This lesson plan focuses on the awareness and impact words have on people. All students have trigger words or experiences that can be hurtful to them, and this lesson aims to show students that everyone has been bullied or hurt by something someone else has said to them. Hurtful words can be intentionally or unintentionally said, and a goal of this lesson is to show kids it is important to think before you speak. This lesson is meant to teach students to be in tune with their own emotions of when they have been bullied or hurt by someone else. In being aware of their own emotions, they can use that feeling to be empathetic towards others. In doing so, they will know not to bully, stand up against bullies, stand up for others they see getting bullied, and promote and spread kindness. This lesson will highlight that individually we all have differences - good and bad - that make us unique. Even though we are all different, we are all part of this community (school, class, grade, etc.)
Grade Level: 6th Grade
- A whiteboard to write on
- Something to play a video on
- the song “Shake it off”
- Scratch paper
- 2 containers to collect pieces of paper in
- 1 container to hold the bracelets
- A poster board and tape
- Kindness bracelets
Applicable Standard(s) Objective(s) Competency(ies)
- The effects bullying has on each other.
- Standing up for others against bullies.
- Standing up for yourself against bullies.
- Benefits of spreading kindness.
- Prepare the lesson space by writing “shake it off” at the top of the white board. Tell the students, “Today, we will be discussing the impact words have on each other.”
- Begin lesson by asking the students to write down on 2 separate pieces of paper “what is the meanest thing anyone has ever said to you/called you?” and “what is something you love about yourself?”
- tell the kids this is completely anonymous so they do not have to worry about their names being linked to what they say.
- Collect the papers in separate baskets/tubs
- Play “Stand Up, Stand Strong: The Consequence of Words” YouTube video
- While playing the video, take out the positive comments and attach them on a poster.
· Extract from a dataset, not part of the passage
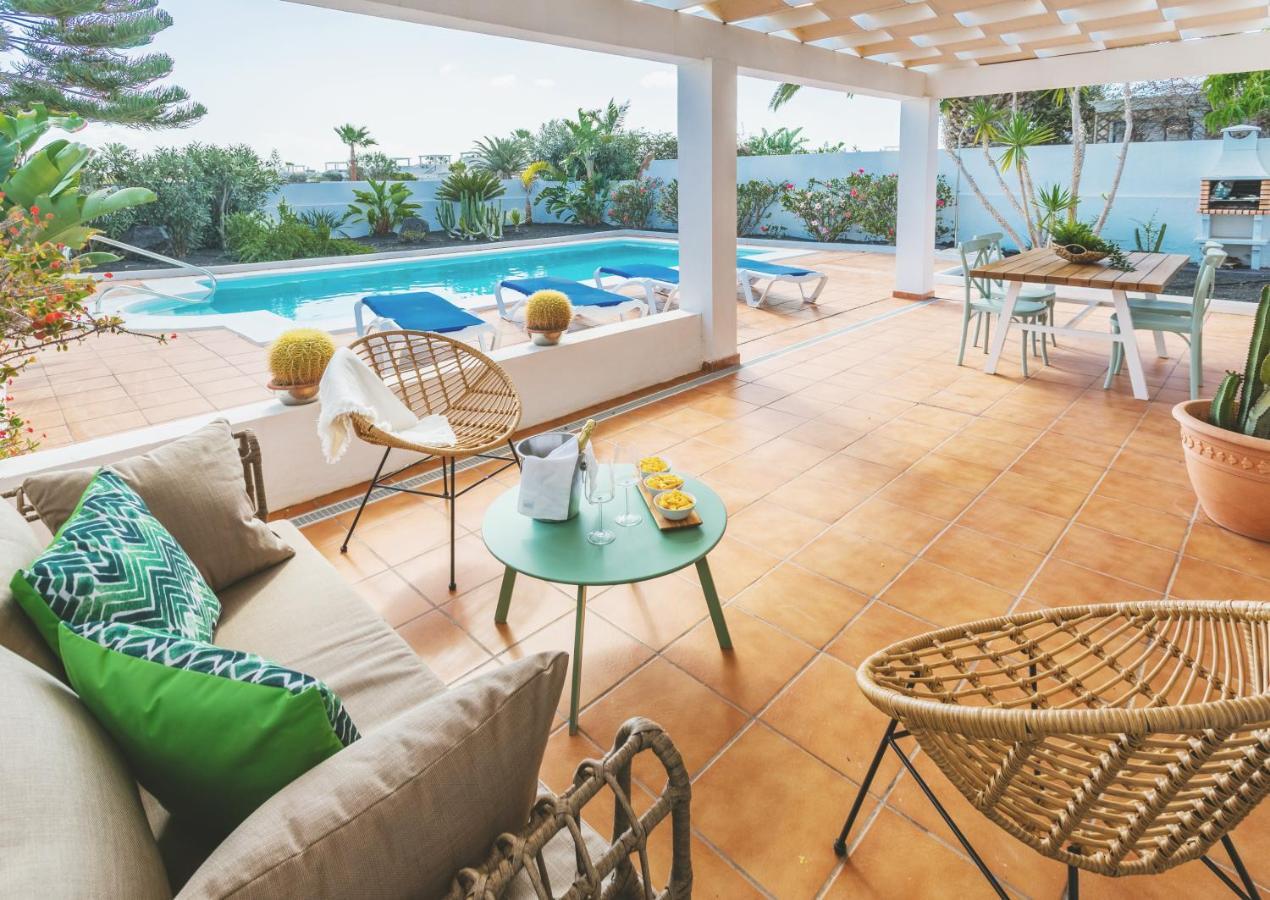 Villa Sweet Boheme Playa Blanca  Zewnętrze zdjęcie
The poster should be titled something about kindness, ex. “Step Up, Be Kind.”
- After the video, ask the students to think about how they feel from watching the video. take out the negative comments and write them on the board under the words, “shake it off.”
- After writing the words on the board, ask the students open-ended questions about the video to promote class discussion “how did that video make you feel?” “what are your thoughts on the video?” etc.
- Talk to kids about the words/phrases on the board. Ask them what they think of the words up there. Ask the kids to raise their hand if they see anything on there that they might have said to someone where they were not trying to insult them (raise your own hand too to show that we have even said things we did not mean to hurt someone by).
- Discuss how words can have a positive or a negative connotation.
- Begin transition into discussing positivity and how good words can be influential with your peers. How we have all had something said to us that hurt our feelings, but we can also say things that make each other feel better too.
- Have the class form a circle.
- Explain that during this activity, students will go around the circle one at a time and say a compliment to the person to their right. When a student says a compliment to their classmate, they will receive a kindness bracelet.
- Ask for a volunteer to start the kind words contagion, and hand them the basket of bracelets.
- Process of the kindness cognition: a student compliments their classmate to the right → they take a kindness bracelet → you (the counselor) erases a mean phrase from the board → the student passes the basket of bracelets on, and the next student compliments the classmate to their right, until everyone in the circle has had a compliment, has a bracelet, and all the mean words are erased from the board.
- Once the kindness has come full circle, explain that the kindness contagion shouldn’t just be contained to the classroom, but spread outside to friends, family, acquaintances, etc. Ask the students how it feels to give a compliment. How it feels to receive a compliment. Ask the kids if they have noticed how everyone is smiling, happy, laughing - read your audience - since they have given and received compliments.
- Explain the bracelets:
- You are now the owner of a step up, be kind bracelet. The purpose of this bracelet is to wear it and when you witness someone doing something kind, you acknowledge their kindness by giving them the bracelet and telling them what they did was very kind. Tell them to keep the bracelet until they see someone doing something kind, and pass it onto them. This way we can keep promoting kindness in our community and even to strangers who we see displaying random acts of kindness.
- Show the kindness poster and discuss how everyone has something they love about themselves. Everyone is a unique individual with great qualities and together they all form a community (class, school, grade, whatever community you wish to address). As a community they can work together to keep kindness spreading and advocate against saying mean things.
- Tell the students to stand up, and play the song “Shake it Off” by Taylor Swift to end the guidance lesson with a 30 second dance party.
- Leave the students with a reminder to “shake off” mean comments, stand up for yourself and others, and spread kindness.
Closing & Follow-Up:
- Challenge the students to say something kind to someone they see in each new environment they enter, ex. on the bus, at the grocery store, etc. Have them pay attention to the smile they put on that individuals face and the good feeling they felt after saying something kind.
- Challenge students to acknowledge when they witness strangers promoting kindness by passing their bracelets on, and encouraging that stranger to do the same.